# [PROBLEM DETAILS]
The result should hold only the lines from the one with "ApHogee - Leave-in" through the final line of the data below, transcribed exactly, pictures left out.
──────── GIVEN DATA
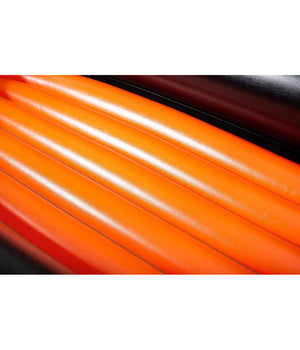 Set Canotto Gommone Kondor 3000 232x115x36cm Con Remi 124 Cm Pompa Manuale 61102         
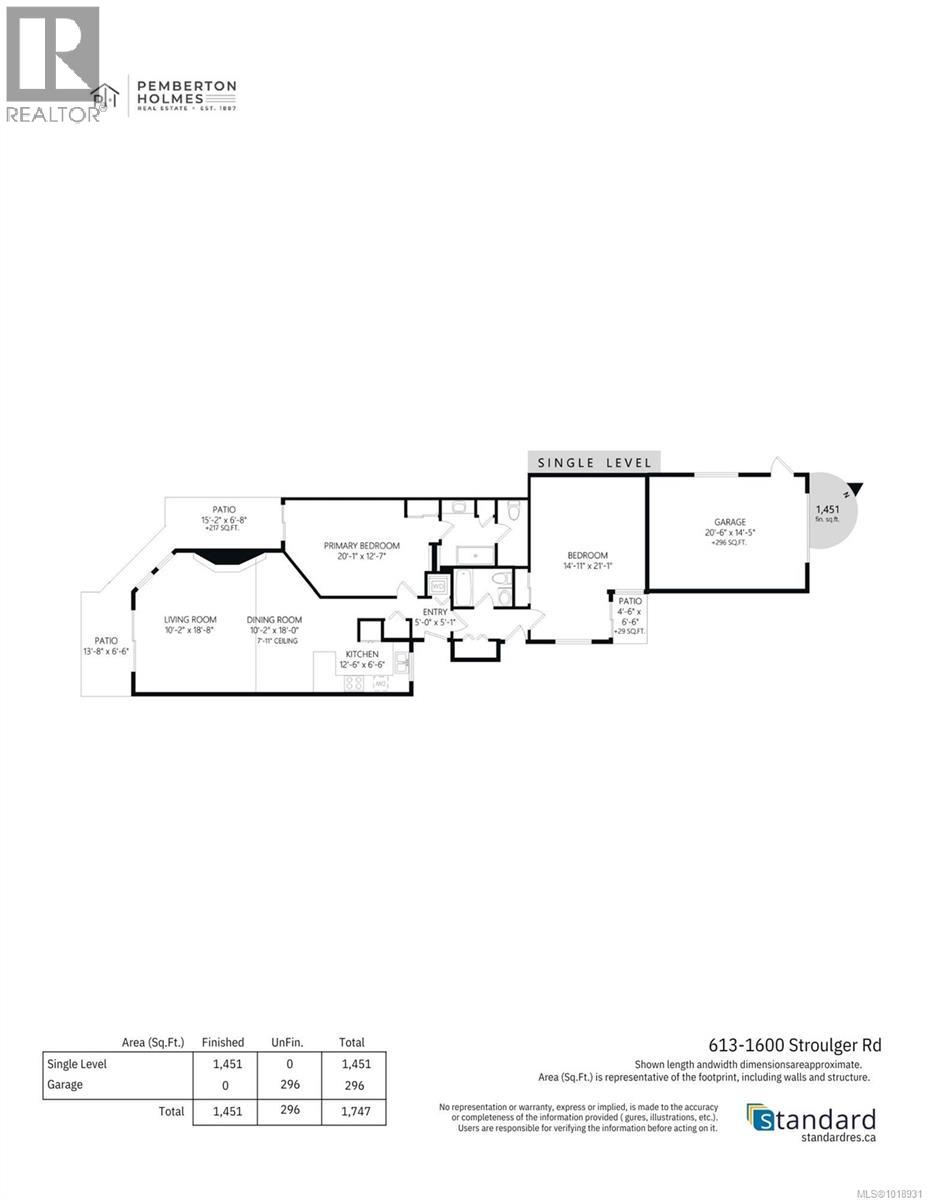 613 1600 Stroulger Rd, Nanoose Bay, British Columbia  V9P 9B7 - Photo 65 - 1018931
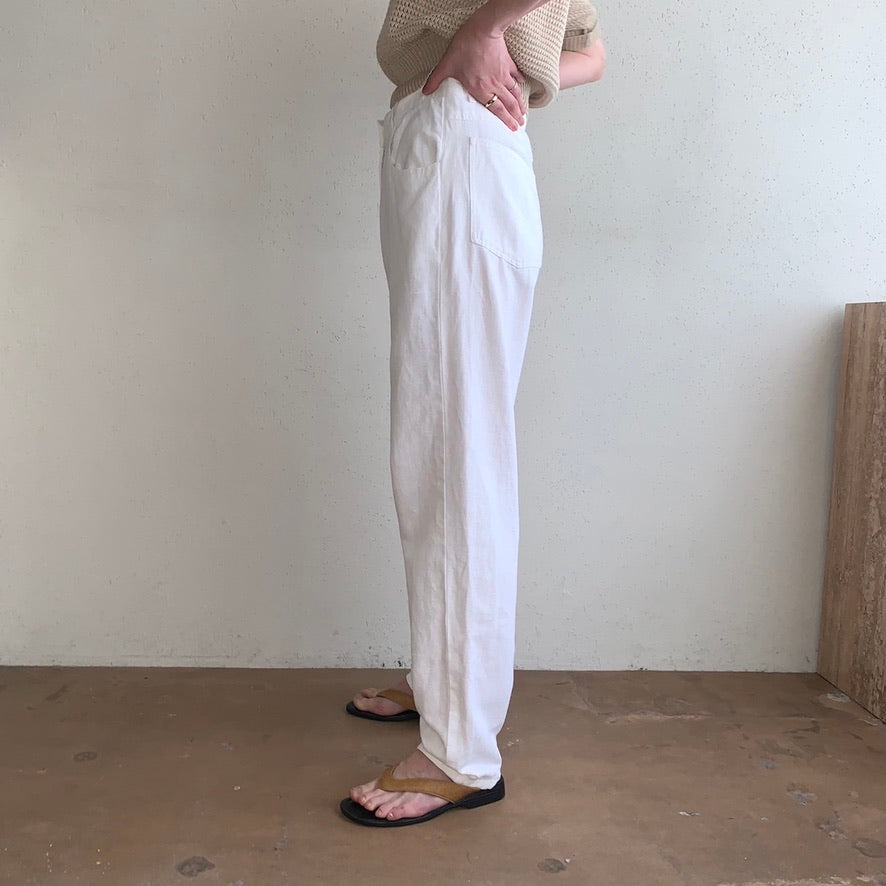 90s Linen Pants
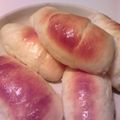 あげぽよママ's cooksnap of when they made 基本のロールパン.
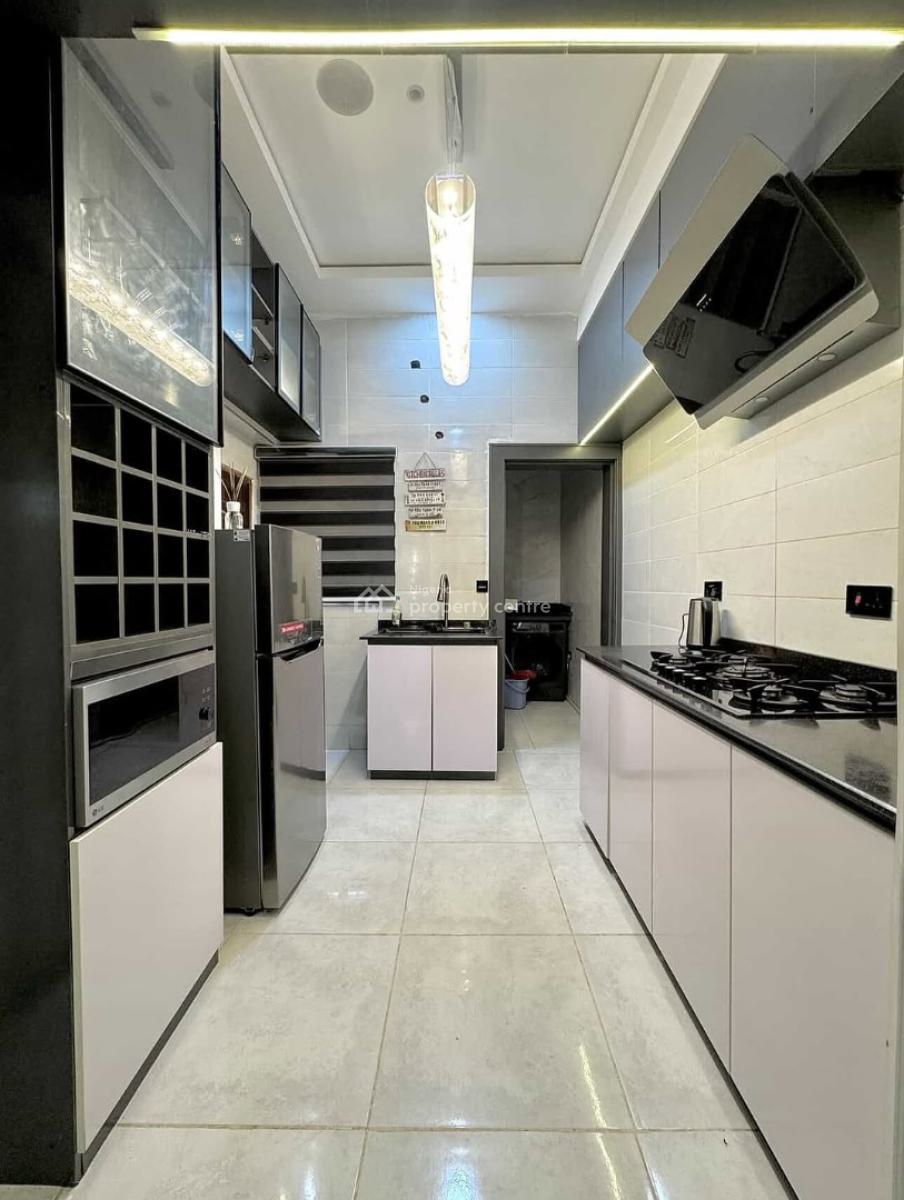 Two Bedroom Apartment, Wuye, Abuja, House for Rent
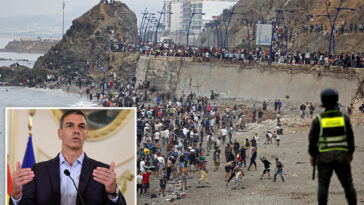 morocco-blames-ceuta-migration-influx-on-social-media,-human-trafficking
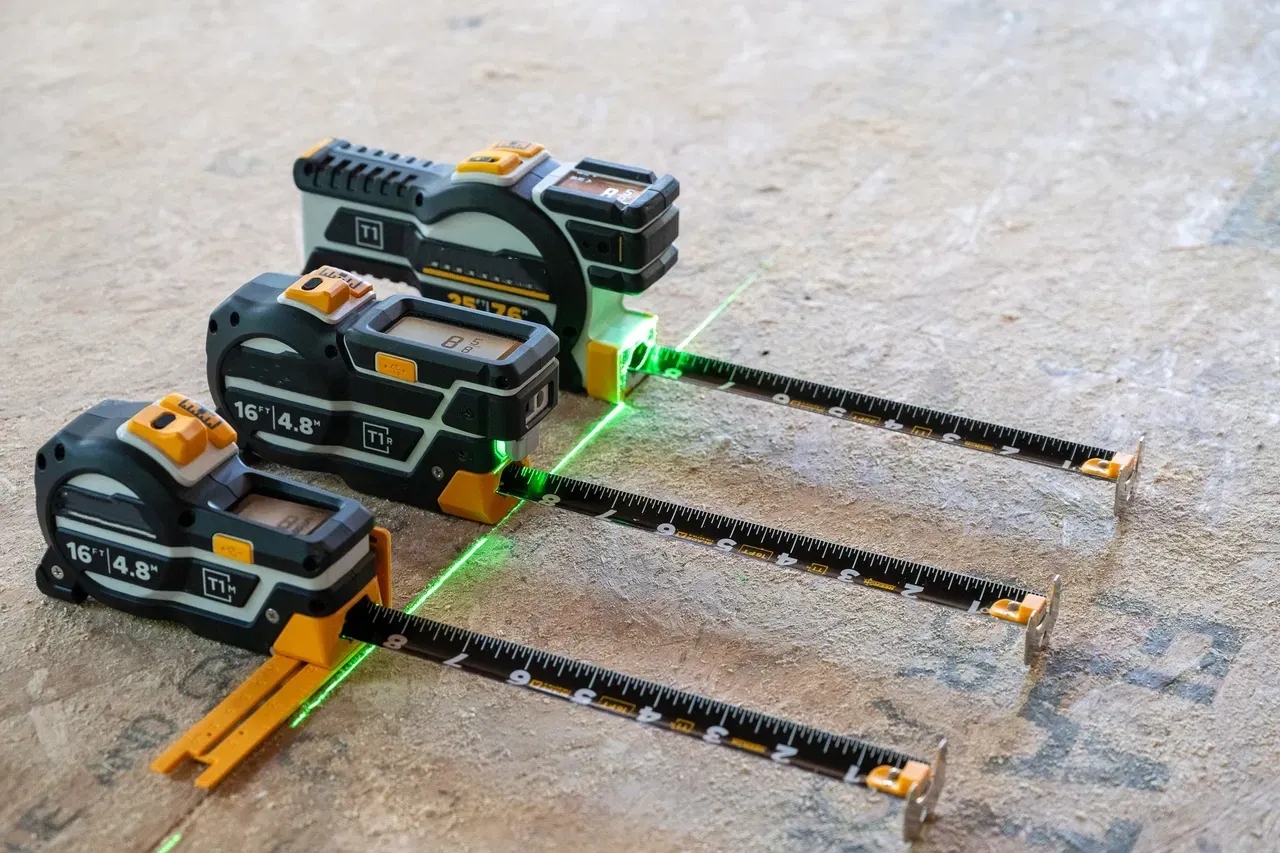 Hybrid Measuring Tool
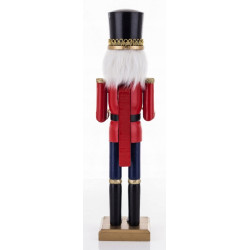 FIGURKA DZIADEK DO ORZECHÓW 37 cm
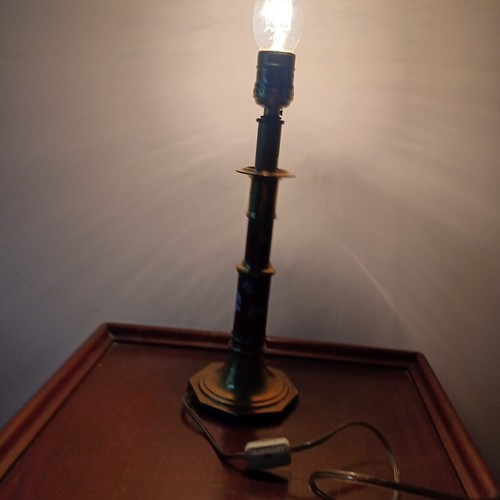 Cloisone Vintage Lampada Candelora Rosso Blu Uccellino Floreale - Foto 5 di 5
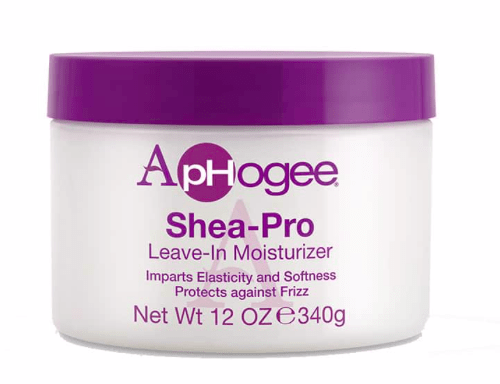 ApHogee - Leave-in hydratant "Shea Pro" - 340g - ApHogee - Ethni Beauty Market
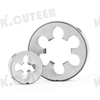 Alloy Steel Right-Hand Metric Die Metric Threading Tool For Machine Hand Tools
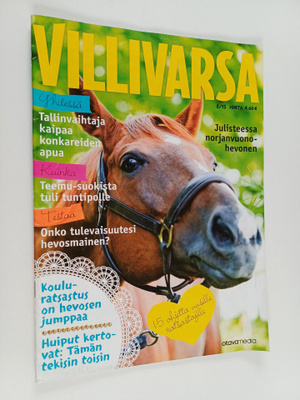 Villivarsa 8/2015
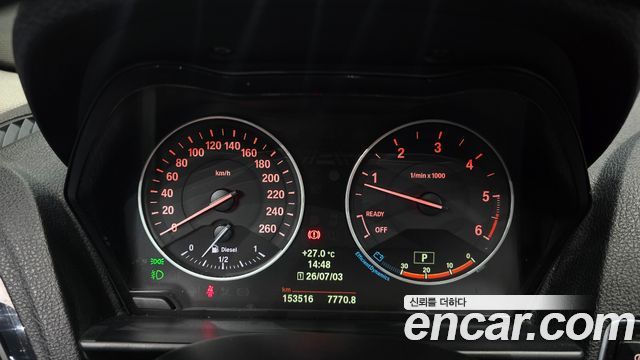 BMW 1-Series 2013 — photo 8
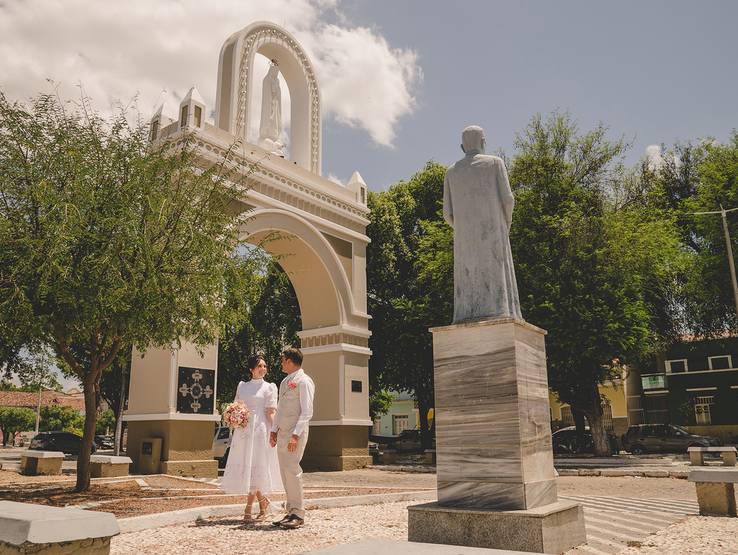 Casamentos de MICAELA + JEAN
────────────────
# [TASK RESULT]
 ApHogee - Leave-in hydratant "Shea Pro" - 340g - ApHogee - Ethni Beauty Market
 Alloy Steel Right-Hand Metric Die Metric Threading Tool For Machine Hand Tools
 Villivarsa 8/2015
 BMW 1-Series 2013 — photo 8
 Casamentos de MICAELA + JEAN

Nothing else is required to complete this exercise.